AC is one of them. HP = 1HD+CON Modifier per level is another. Both of these are just game abstractions that are mostly there to facilitate a particular style of play and character progression, rather than the way damage works in reality or any genre. AC is just a way to handle armor protection without having to subtract damage from every successful hit. And HD+CON Mod provides a consistent HP increase that's easy to recall as you go up in level, but ends up escalating pretty quick to numbers way beyond the population average as characters advance to higher levels.

I suspect it's because of this that attempting to emulate Mechs using 3e falls apart. Mechs aren't ment to exist in a world where characters rack up HP/Vitality to obscene amounts or armor is heavily abstracted. But you could probably still use a lot of the rest of 3e's mechanics, like action resolution or some type of level progression if you swapped out AC for damage reduction and HP = 1HD+CON Mod for higher starting HP and minimal HP per level.
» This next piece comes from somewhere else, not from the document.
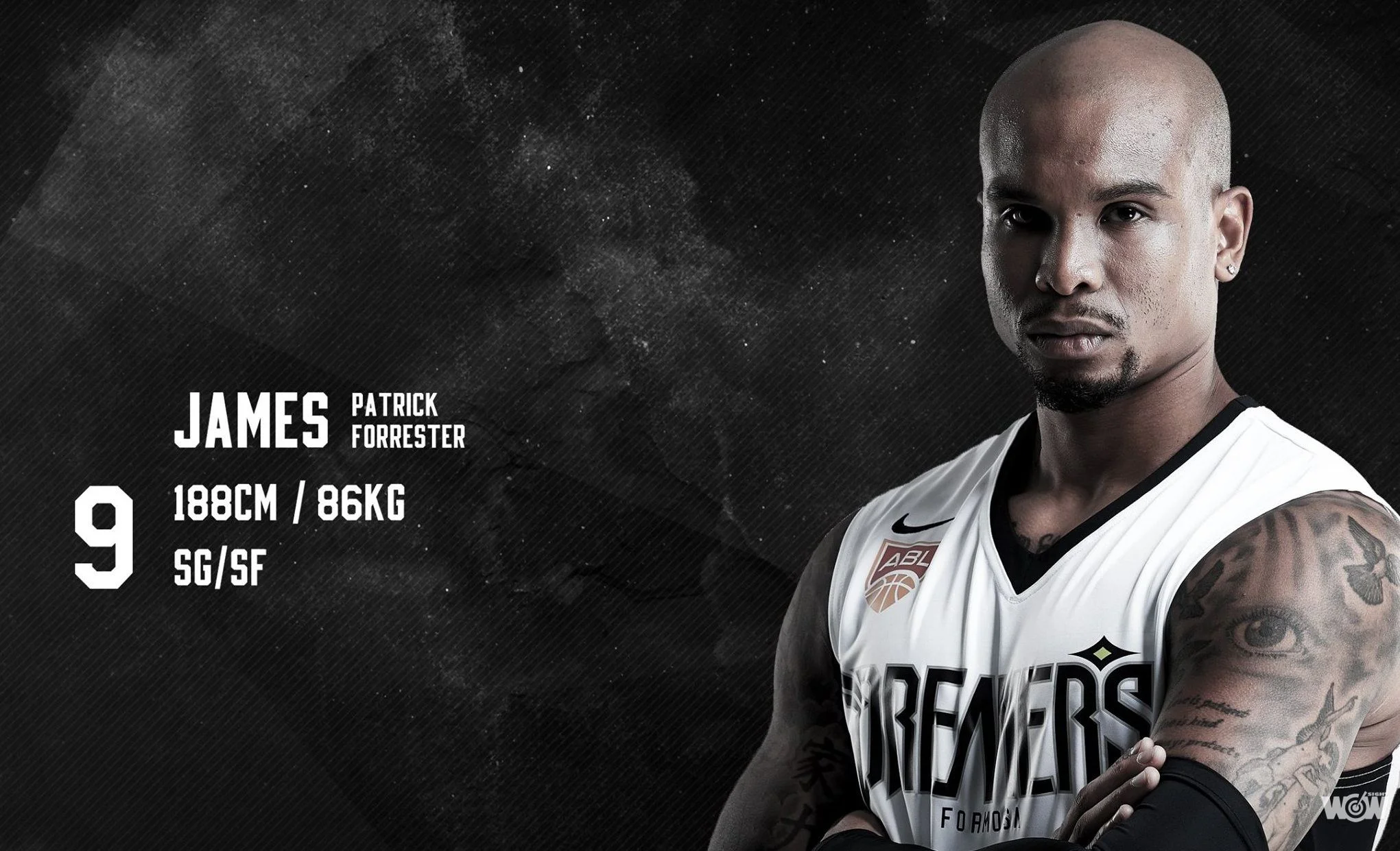 《籃球》帶著經驗協助球隊 夢想家的亞洲外援James Forrester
Which probably why Palladium handles them better.

ronwisegamgee

Quote from: GhostNinja on April 07, 2023, 08:47:39 AM
I have done settings with a generic system (Savage Worlds Adventure Edition) and I have played games where the system was tailor made for the game.  The tailor made system always seemed to work better for me than the generic system although generic systems do work.

To Each his own.

There's also the midway point: the highly modular generic system that allows you to plug in optional rules that emulate the genre or setting elements you want your specific game to have. Some systems do this better than other or with less hassle than others (which was my approach with the Quick & Dirty RPG System.)